Fruit d’une collaboration singulière, l’exposition réunit deux univers complémentaires. Ramia, artiste plasticien engagé, conçoit l’art comme un moyen essentiel de préservation du patrimoine immatériel. Son travail hybride, mêlant peinture et matériaux recyclés tels que le carton ondulé, puise son inspiration dans les « ohabolana » (proverbes) et « hain-teny » (poésies traditionnelles). Par le jeu des déchirures, empreintes et textures, il évoque la fragilité du souvenir tout en célébrant la résilience des racines culturelles. Ses œuvres deviennent de véritables refuges où la mémoire collective trouve un écho vibrant, symbolisant l’importance cruciale de la parole et de l’image dans la transmission.

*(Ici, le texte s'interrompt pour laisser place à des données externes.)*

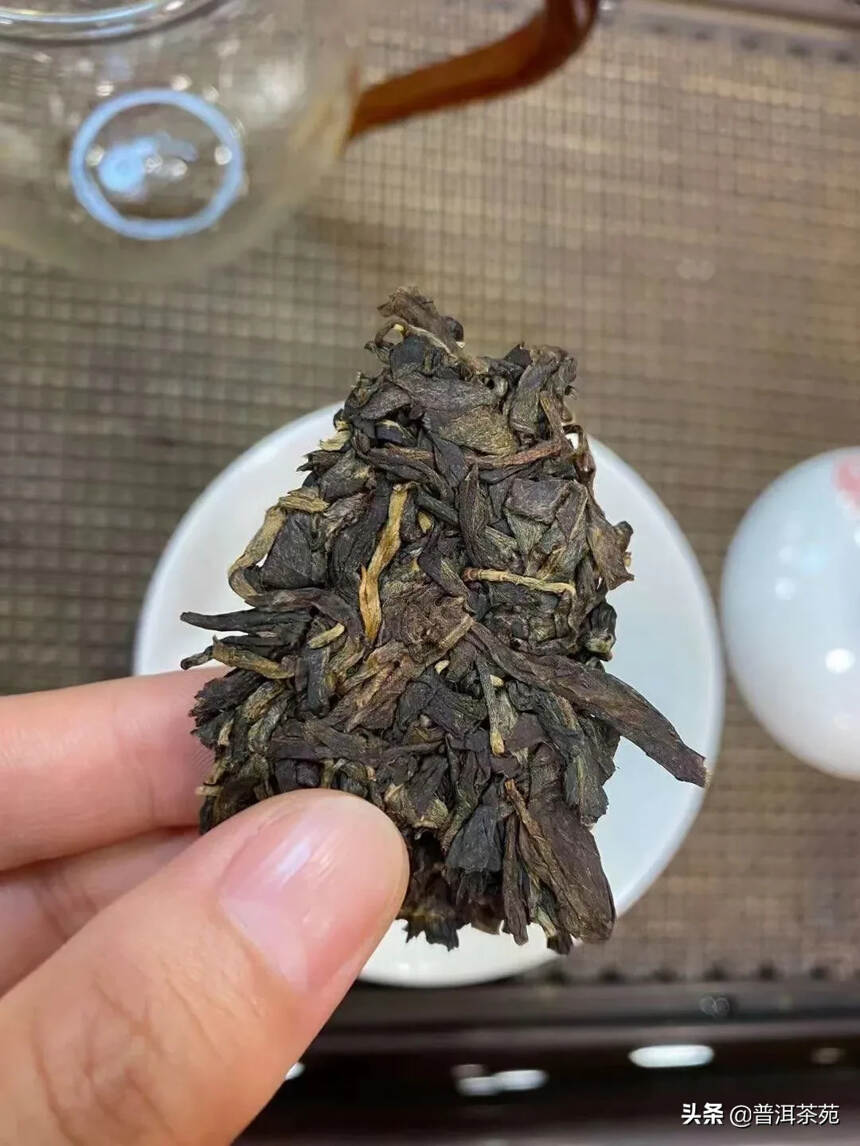 2004年景迈古树茶普洱生茶#普洱茶# #中国茶韵#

Mahefa Rasamuel, quant à lui, explore la mémoire sous un angle plus intime et social. Certaines de ses créations, réalisées avant le 25 septembre, prennent aujourd’hui une résonance forte face aux récents bouleversements à Madagascar. L’œuvre « Souffles coupés », par exemple, illustre une mère et son enfant dans une atmosphère lourde et oppressante, où la palette sombre associée au drapeau malagasy traduit la vulnérabilité d’un peuple confronté à la violence. Pour Mahefa, ses matériaux - cartons marqués par les griffures de sa chatte Caipi, sable, marc de café - incarnent la trace du vécu, une mémoire inscrite dans les détails du quotidien. Son art se veut un témoignage sensible, à la croisée de l’histoire individuelle et collective, rappelant que la mémoire se cache aussi dans les gestes ordinaires.
Dans cet espace d’exposition, les œuvres de Ramia et Mahefa se répondent et tissent un dialogue subtil entre culture et intimité, permanence et effacement.
« Empreintes » invite chacun à une réflexion sur la place profonde de la mémoire dans un monde où tout évolue sans cesse. Chaque trace, chaque œuvre devient un récit à part entière, un appel à se souvenir pour mieux avancer. A La Rhumerie, Ivandry, le public est ainsi convié à une expérience artistique riche en émotions, une immersion dans la profondeur des empreintes laissées, entre héritage ancestral et vécu personnel. Cette exposition souligne avec force que, face à la fugacité du temps, l’art reste un vecteur irremplaçable de mémoire et de transmission.